EU member states and other international donors provide funds not only to aid in the realization of important societal changes for the benefit of populations, but also as a means of promoting international cultural relations. The cultivation of such relations is meant to be a “considerable asset to promote cultural policies as drivers for peace and socio-economic development in third countries,” in order to advance “objectives to promote international peace and stability, safeguard diversity, and stimulate jobs and growth.”

Despite Palestinian inadequacies in regards to adopting universal values such as gender equality or human rights, European governments and international organizations continue to flood Palestinian NGOs with funds. Moreover, many of these organizations—some of whom are signatories to the “code of conduct” discussed above—even serve in official capacities with organizations such as the UN.

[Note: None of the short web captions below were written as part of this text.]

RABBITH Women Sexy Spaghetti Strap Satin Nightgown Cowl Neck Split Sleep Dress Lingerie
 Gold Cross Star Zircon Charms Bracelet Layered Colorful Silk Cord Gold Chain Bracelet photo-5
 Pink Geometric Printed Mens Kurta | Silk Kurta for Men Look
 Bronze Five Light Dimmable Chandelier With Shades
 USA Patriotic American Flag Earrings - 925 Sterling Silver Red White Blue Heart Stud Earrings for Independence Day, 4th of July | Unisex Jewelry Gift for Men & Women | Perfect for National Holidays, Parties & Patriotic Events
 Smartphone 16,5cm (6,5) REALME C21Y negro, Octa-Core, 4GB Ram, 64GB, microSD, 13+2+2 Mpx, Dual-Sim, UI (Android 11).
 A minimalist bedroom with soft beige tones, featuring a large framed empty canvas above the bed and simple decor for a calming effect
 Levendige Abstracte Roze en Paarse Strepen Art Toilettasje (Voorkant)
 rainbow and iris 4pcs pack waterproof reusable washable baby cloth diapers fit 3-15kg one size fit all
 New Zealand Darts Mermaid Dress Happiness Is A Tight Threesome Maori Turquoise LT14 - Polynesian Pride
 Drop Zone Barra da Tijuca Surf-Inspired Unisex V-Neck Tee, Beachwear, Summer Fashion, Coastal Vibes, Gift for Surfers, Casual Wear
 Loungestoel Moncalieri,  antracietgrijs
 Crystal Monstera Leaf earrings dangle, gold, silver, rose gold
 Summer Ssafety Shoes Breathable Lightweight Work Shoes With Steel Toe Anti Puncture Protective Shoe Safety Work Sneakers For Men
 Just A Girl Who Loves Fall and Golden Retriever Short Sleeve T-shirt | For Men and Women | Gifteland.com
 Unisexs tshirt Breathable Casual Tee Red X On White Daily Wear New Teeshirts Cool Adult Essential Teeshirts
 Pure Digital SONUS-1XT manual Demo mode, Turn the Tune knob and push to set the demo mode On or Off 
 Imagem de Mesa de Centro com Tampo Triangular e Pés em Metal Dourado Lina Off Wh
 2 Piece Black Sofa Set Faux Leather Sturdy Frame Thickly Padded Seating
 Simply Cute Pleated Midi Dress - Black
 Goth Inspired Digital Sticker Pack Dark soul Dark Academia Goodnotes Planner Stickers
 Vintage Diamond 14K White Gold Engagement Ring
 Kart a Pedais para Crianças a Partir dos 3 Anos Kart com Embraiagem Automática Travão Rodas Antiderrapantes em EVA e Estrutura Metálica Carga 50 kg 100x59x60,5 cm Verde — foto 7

For example, leading member of the Code of Conduct Coalition, PNGO (see above), which counts thirteen women’s organizations among its members, is entrusted with the task of strengthening, coordinating, and networking “civil society” by a number of European governments, including the EU and Norway. Together with the Association of International Development Agencies (AIDA), a European NGO network, PNGO also enjoys permanent representation in the UN’s Humanitarian Country Team, which coordinates all humanitarian aid in the West Bank and Gaza. This comes with a seat on the advisory board of the UN’s humanitarian emergency pooled fund, a position granting it decision-making power in selecting the fund’s beneficiaries. In 2017, $3.1 million of the fund’s allocations went to member organizations of either AIDA or PNGO – meaning that these two networks ensured that their own member NGOs received roughly 40% of the total funding ($7.9 million as of October 2017). This grants PNGO a significant amount of influence over Palestinian NGOs and their agendas. More importantly however, it also coerces its members—including its women’s organizations—to toe the line with an extreme political agenda, effectively marginalizing any moderate alternative voices.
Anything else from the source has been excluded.